В этом этюде, несомненно, проявились литературные способности Шукшина. Но режиссерским видением тут и не пахнет. Все его внимание сосредоточенно на китах – остальные присутствуют только в авторском описании. Других живых лиц, участвующих в действии, не видно. О способности автора к режиссуре экзаменаторы судят не по описаниям, а по выразительным деталям, своего рода «крупным планам». Вот, например, один из абитуриентов, Александр Гордон, показывал в своем этюде, как нервный соискатель, чтобы справиться с волнением, нарочно рассыпает на подоконнике спички и потом их аккуратно собирает: это зримый кинематографический образ.
Дарование Шукшина не подсказало ему такого рода деталей. Он описал то, что видел и чувствовал, оставшись в границах чисто литературной образности…
И произошло чудо. А вероятнее всего, подтвердилось, что в приемной комиссии нашлись люди, которым очень не хотелось терять такого соискателя, взрослого, прошедшего жизненную школу человека, опять-таки кандидата в члены партии. Этюд оценивал и. о. доцента кафедры кинорежиссуры, в недалеком будущем проректор ВГИК Борис Григорьевич Иванов – опытнейший специалист и добрейшей души человек: «Написана работа не на тему. Условия не выполнены. Автор обнаруживает режиссерское дарование и заслуживает отличной оценки. Отлично».
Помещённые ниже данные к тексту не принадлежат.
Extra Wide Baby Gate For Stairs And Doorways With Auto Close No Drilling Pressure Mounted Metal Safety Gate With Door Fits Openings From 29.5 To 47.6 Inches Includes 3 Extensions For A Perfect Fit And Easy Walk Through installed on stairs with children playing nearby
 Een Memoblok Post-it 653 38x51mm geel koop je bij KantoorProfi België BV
И представьте – не ошибся Борис Григорьевич, какими бы мотивами он не руководствовался. В первом же семестре у Шукшина только отличные оценки по кинорежиссуре, мастерству киноактера, основам кинодраматургии, всеобщей истории искусств. Во втором – появляются четверки по общеобразовательным дисциплинам, но неизменно, на протяжении всех семестров – отлично по кинорежиссуре и актерскому мастерству.
Его, конечно, сразу же выбрали старостой курса, а позднее, секретарем комсомольской организации постановочного факультета, но дальше этого «не пошел». Как бы ни убеждали его заняться всерьез общественной работой, он упорно уклонялся от этой чести – зато с величайшим рвением налегал на учебу. Он, давно уже писавший рассказы, мечтавший о Литературном институте и, можно сказать, случайно оказавшийся на режиссерском факультете ВГИК, сразу понял, какой клад ему достался и поставил себе целью докопаться до самых глубоких недр этой золотой жилы. Режиссура, о которой еще недавно он не имел никакого понятия, всецело увлекла его, а прирожденный дар лицедейства, бурно проявившийся на учебной площадке, помог обрести уверенность в своих силах. Сокурсники активно занимали его во всех учебных работах – и это помогло ему сразу же ощутить себя «внутри профессии». Пришло время снять первый этюд, сесть за монтажный стол – и он, по собственным его словам «хлебнул воздуха кино, так что в груди заболело». Великое, великое искусство!